> [Task requirements]:
Below are records to repeat exactly. Omit the pictures from the copy.

> [Material to process]:
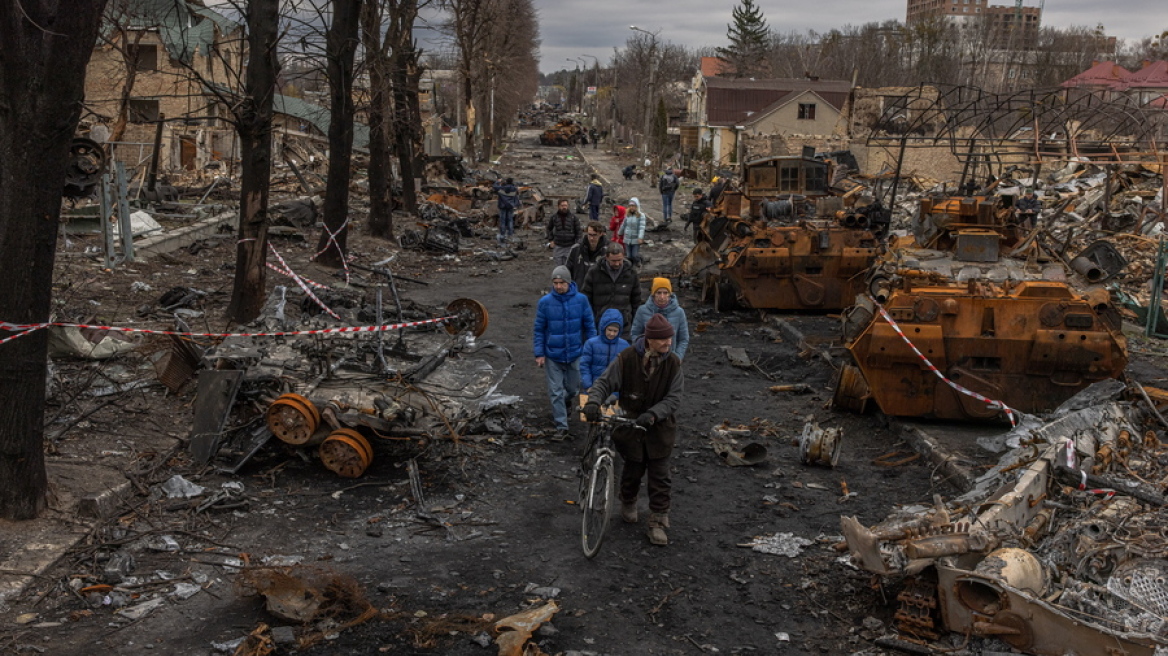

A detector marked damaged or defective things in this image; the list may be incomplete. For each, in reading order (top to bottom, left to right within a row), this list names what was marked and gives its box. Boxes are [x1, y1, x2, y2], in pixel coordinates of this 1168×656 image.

broken window [126, 44, 157, 71]
broken window [129, 97, 161, 123]
burned armored vehicle [682, 155, 883, 315]
destroyed military vehicle [682, 155, 883, 315]
destroyed military vehicle [836, 189, 1125, 417]
burned armored vehicle [836, 191, 1125, 417]
rusty tank hull [836, 192, 1125, 417]
rusty tank hull [836, 282, 1125, 417]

> [Completed task]:
A detector marked damaged or defective things in this image; the list may be incomplete. For each, in reading order (top to bottom, left to right within a row), this list names what was marked and gives its box. Boxes are [x1, y1, x2, y2], in pixel coordinates of this 1168×656 image.

broken window [126, 44, 157, 71]
broken window [129, 97, 161, 123]
burned armored vehicle [682, 155, 883, 315]
destroyed military vehicle [682, 155, 883, 315]
destroyed military vehicle [836, 189, 1125, 417]
burned armored vehicle [836, 191, 1125, 417]
rusty tank hull [836, 192, 1125, 417]
rusty tank hull [836, 282, 1125, 417]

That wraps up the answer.